**Exercise input**

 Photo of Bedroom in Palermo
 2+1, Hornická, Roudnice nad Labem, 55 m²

---

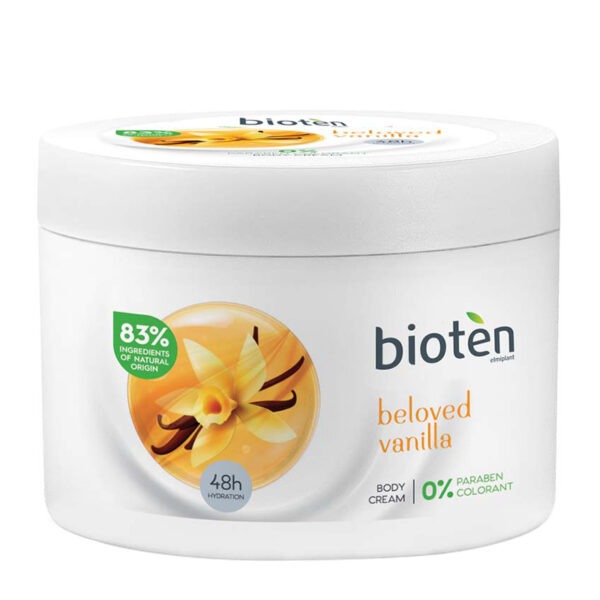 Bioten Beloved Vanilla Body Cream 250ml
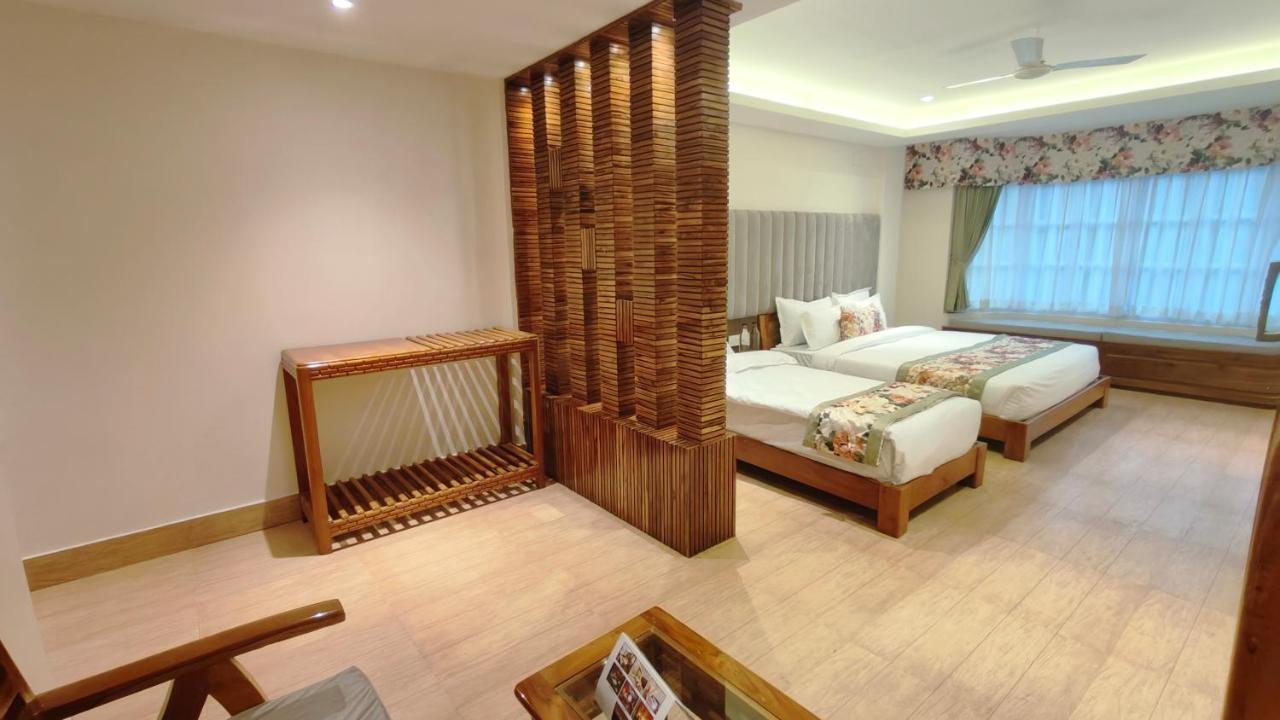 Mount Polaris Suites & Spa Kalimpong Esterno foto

**Problem requirements**
Above are the records; return the lines in them from the one with "Bioten Beloved Vanilla Body Cream 250ml" to the one with "Mount Polaris Suites", inclusive, exactly and without images.

**Answer below**
 Bioten Beloved Vanilla Body Cream 250ml
 Mount Polaris Suites & Spa Kalimpong Esterno foto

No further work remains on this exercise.